For women with ancestry-related risk, as well as women with a personal history of BRCA-related cancers, USPSTF issued a grade B recommendation that providers assess women with a familial risk assessment tool. Those who have a positive result should receive genetic counseling and, if indicated after counseling, genetic testing.
However, the benefit of assessment, counseling, and testing does not spill over to women with a personal or family history that is not associated with potentially harmful BRCA1/2 mutations, according to the task force, which issued a D recommendation for risk assessment and genetic counseling and testing for this group.

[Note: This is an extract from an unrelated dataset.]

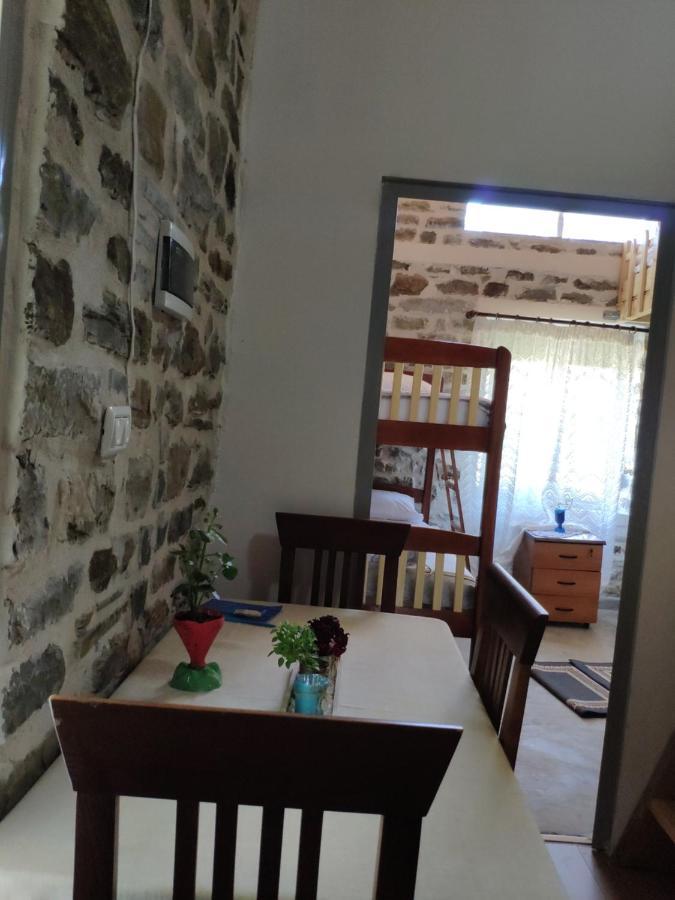 Stone House Villa Kelcyre Luaran gambar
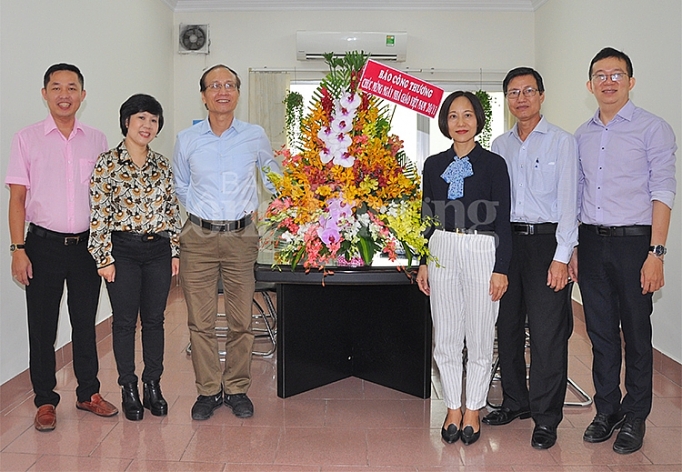 lanh dao bao cong thuong chuc mung cac truong nhan ngay nha giao viet nam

The changes in the updated recommendation are undoubtedly a positive step forward, but the recommendation still leaves some issues unresolved, argued Susan Domchek, MD, executive director of the Basser Center for BRCA at the Abramson Cancer Center at the University of Pennsylvania, and Mark Robson, MD, medical oncologist and chief of Breast Medicine Service at Memorial Sloan Kettering Cancer Center, in an accompanying editorial.2
“Importantly, but not included in this recommendation, BRCA1/2 status is relevant for patients with newly diagnosed early stage breast cancer for surgical decision making and can also be used to determine appropriate treatment of certain advanced cancers,” they wrote.
The pair also cited concerns over growing use of multigene panel testing, which has largely replaced BRCA1/2 testing. While the panels detect more pathogenic variants, they also create certain challenges, including increasing the number of detected variants of uncertain significance and identifying pathogenic variants with unclear associations of disease risk.

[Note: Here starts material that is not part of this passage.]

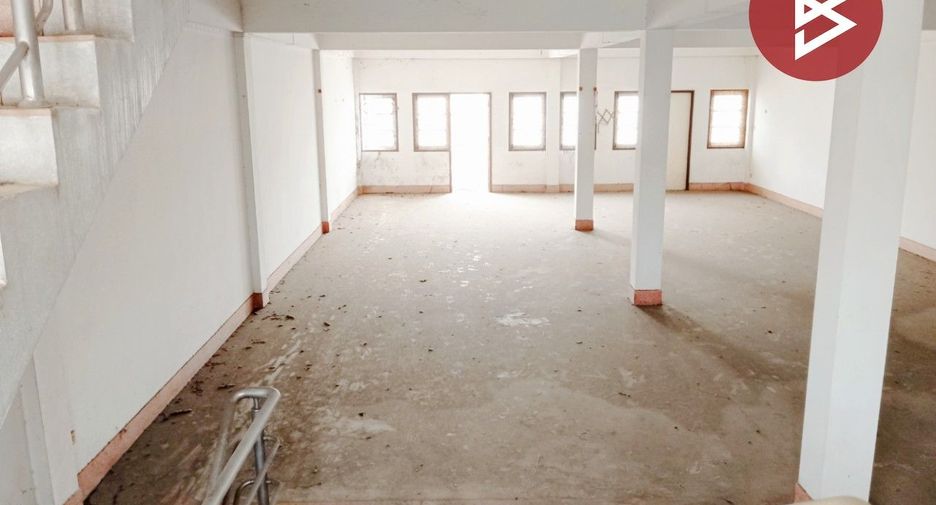 Продажа 3 спальни торговое помещение в Mueang Nakhon Ratchasima, Накхон Ратчасима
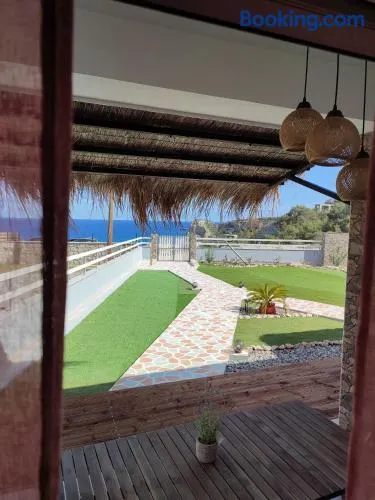 Kalokairini Avra - Image 1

At the same time, direct-to-consumer genetic testing has increased in recent years. For example, in March 2018, the FDA authorized 23andMe’s test for 3 common BRCA mutations associated with Ashkenazi Jewish ancestry. However, many people of Ashkenazi descent with strong histories of cancer carry an uncommon BRCA mutation, or a mutation in one of dozens of other cancer genes that 23andMe does not test. In addition to consumers having misconceptions about what these tests offer, the results are not always accurate, both of which highlight the need for confirmatory testing to validate results and genetic counseling to help consumers understand them. Luckily, insurers are beginning to get on board.